Wednesday, March 7, 2018
Apple's Windows
When I started working at the Cornell Lab of Ornithology, I had to switch from a PC to a MacBook in order for my design files to be compatible with those of Cornell’s designer. It was a hard transition, and I hear going the reverse is even trickier, so I’ve long known that Apple users have problems with Windows. A news story this week explains how Apple employees can even be physically injured by windows.
The brand new building housing Apple’s headquarters in Cupertino, California, designed by architect Norman Foster, is surrounded by 45-foot tall curved panels of “safety glass,” named not because it’s been designed in any way to prevent humans, birds, or anyone else from crashing into it, but because it crumbles when broken. The workspaces inside Apple’s building, called “pods,” are also made with a lot of glass.

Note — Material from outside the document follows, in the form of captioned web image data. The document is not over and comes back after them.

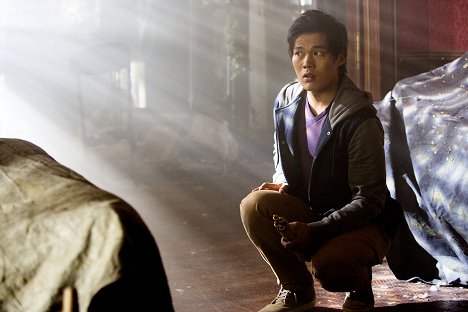 John Harlan Kim - The Librarians - And the Heart of Darkness - Photos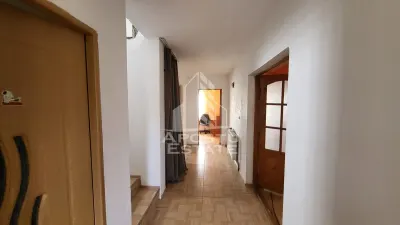 Casa individuala cu 7 camere,si teren de 550 mp,Dudestii Noi - foto 6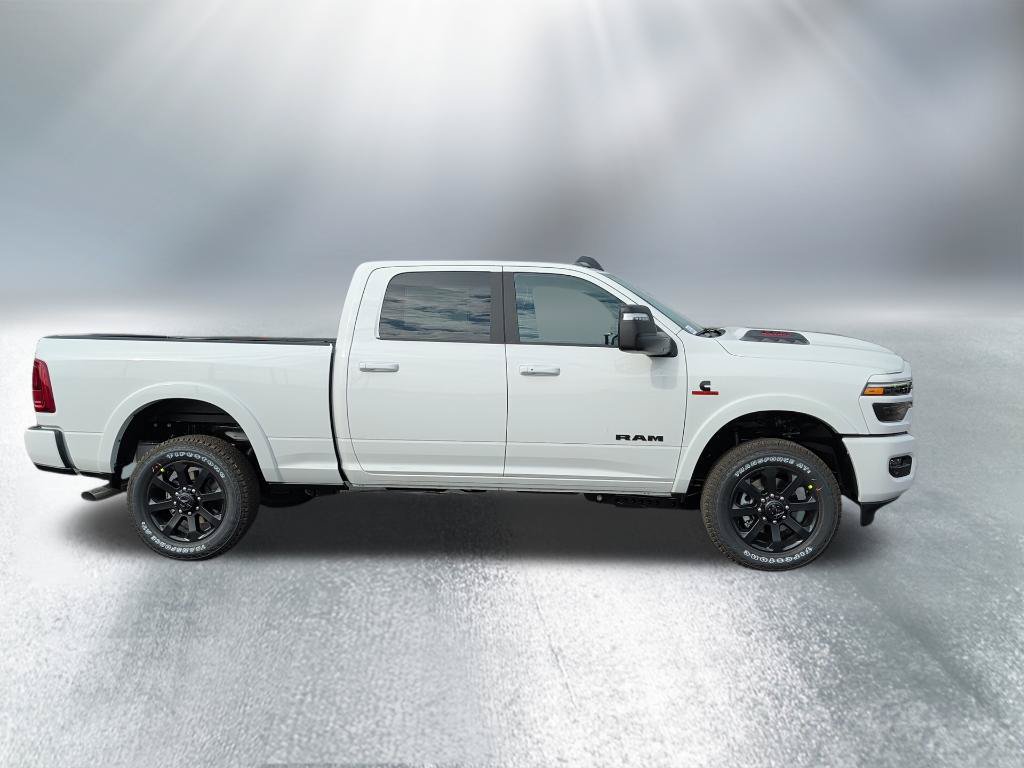 New 2027 RAM 2500 Laramie AWD/4WD image 5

In the same way that knowledgeable people warned the designers of the US Bank Vikings Stadium that it was going to kill lots of birds, Apple was warned by contractors that a building made almost entirely out of glass could pose health and safety risks to human beings. And sure enough, employees have been crashing into those transparent walls. Some news sources say that a few employees put post-it notes on the glass to make it more visible, but those keep being removed so they don’t detract from the building’s aesthetics. I personally think that injured people and hurt and dead birds detract from the overall aesthetics of any environment, but apparently corporations and some architects have more tunnel vision when it comes to the meaning of aesthetics.

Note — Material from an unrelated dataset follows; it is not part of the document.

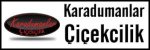 Karadumanlar  Çiçekcilik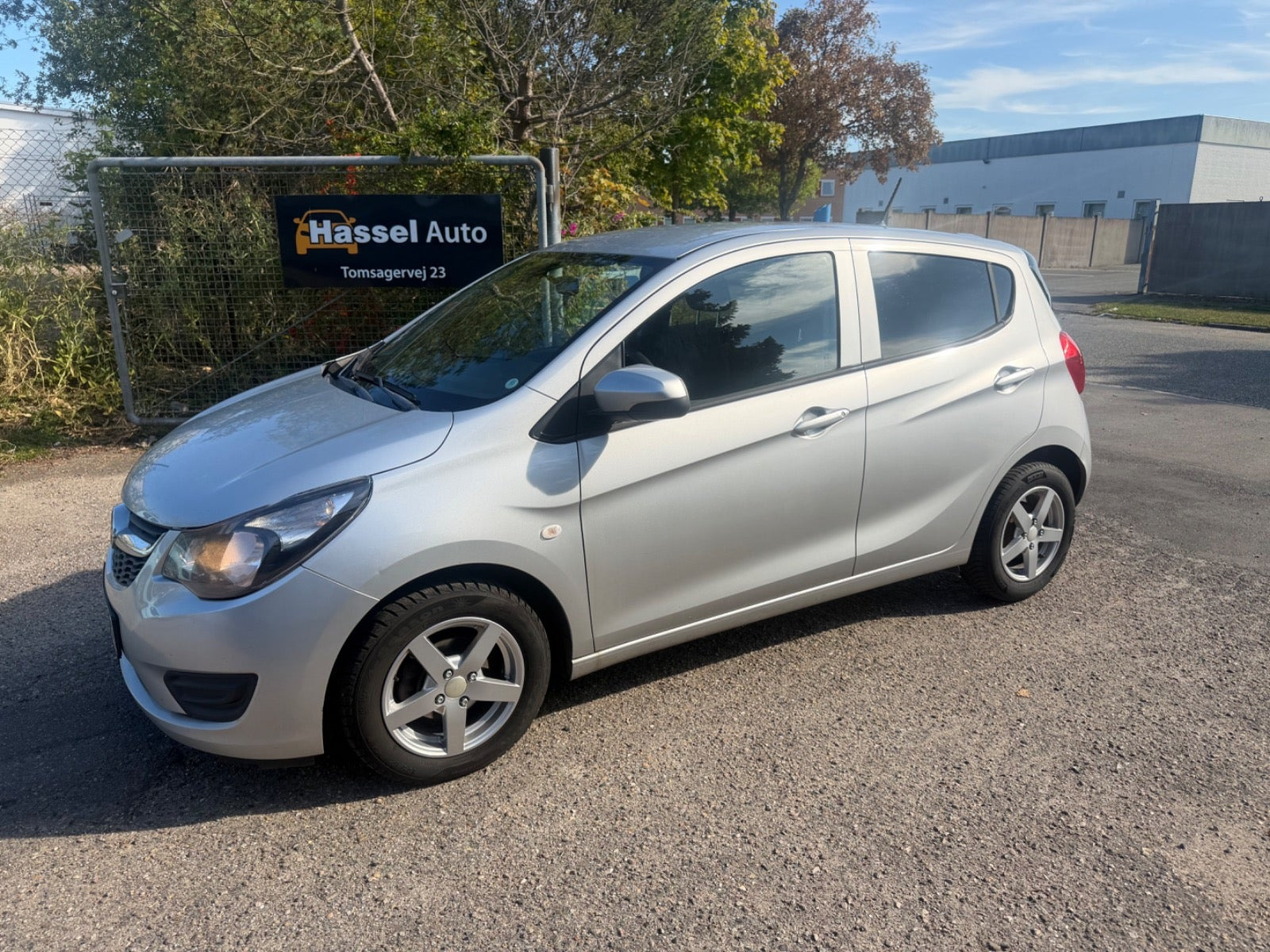 undefined Opel Karl fra 2016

This isn’t the first time Apple has had to deal with people crashing into glass, either. In 2011, an 83-year-old woman walked into the glass wall of an Apple store, breaking her nose. She sued the company, arguing it should have posted a warning on the glass. The suit was apparently settled without cost to Apple, according to a legal filing in early 2013. Again, the bottom line for corporations usually wins over living, breathing human beings, and much more so over birds. When birds collide with glass, they never get a legal filing at all.
Dr. Daniel Klem has devoted his entire career to researching the issue of birds colliding with windows. He was first to realize and to publish his findings that somewhere around a billion birds are killed by windows every year in the United States alone. Many prominent, well-funded ornithologists and organizations pooh-poohed his findings until their own research verified his work.
People haven’t focused that much research into humans colliding with glass—we know it happens, and because normal people think that’s a bad thing, we usually take precautions to make sure glass is visible where people are likely to be coming and going. It’s depressing that we don’t take reasonable precautions to protect birds from collisions, but absolutely shocking that a huge corporation puts a silly concept of aesthetics above the safety of their own employees and customers. I hope that Apple’s human casualties finally open some architects’ and corporations’ eyes to the hazards of glass.